(Recorded data)
----

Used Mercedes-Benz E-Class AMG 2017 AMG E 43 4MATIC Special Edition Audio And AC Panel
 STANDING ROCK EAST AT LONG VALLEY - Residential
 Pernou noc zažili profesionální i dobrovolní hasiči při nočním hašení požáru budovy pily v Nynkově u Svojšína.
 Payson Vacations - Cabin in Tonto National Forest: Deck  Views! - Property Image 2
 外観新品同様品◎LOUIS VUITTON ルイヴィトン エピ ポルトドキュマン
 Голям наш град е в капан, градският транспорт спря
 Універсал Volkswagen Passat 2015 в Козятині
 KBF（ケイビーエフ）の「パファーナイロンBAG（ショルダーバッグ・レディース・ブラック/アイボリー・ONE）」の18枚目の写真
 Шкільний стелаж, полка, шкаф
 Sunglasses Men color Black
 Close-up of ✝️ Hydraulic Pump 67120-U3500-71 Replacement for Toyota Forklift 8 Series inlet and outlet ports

----

▶ _Exercise instructions_: Give the data again. Keep every line identical.

▶ _Output for this exercise_:
Used Mercedes-Benz E-Class AMG 2017 AMG E 43 4MATIC Special Edition Audio And AC Panel
 STANDING ROCK EAST AT LONG VALLEY - Residential
 Pernou noc zažili profesionální i dobrovolní hasiči při nočním hašení požáru budovy pily v Nynkově u Svojšína.
 Payson Vacations - Cabin in Tonto National Forest: Deck  Views! - Property Image 2
 外観新品同様品◎LOUIS VUITTON ルイヴィトン エピ ポルトドキュマン
 Голям наш град е в капан, градският транспорт спря
 Універсал Volkswagen Passat 2015 в Козятині
 KBF（ケイビーエフ）の「パファーナイロンBAG（ショルダーバッグ・レディース・ブラック/アイボリー・ONE）」の18枚目の写真
 Шкільний стелаж, полка, шкаф
 Sunglasses Men color Black
 Close-up of ✝️ Hydraulic Pump 67120-U3500-71 Replacement for Toyota Forklift 8 Series inlet and outlet ports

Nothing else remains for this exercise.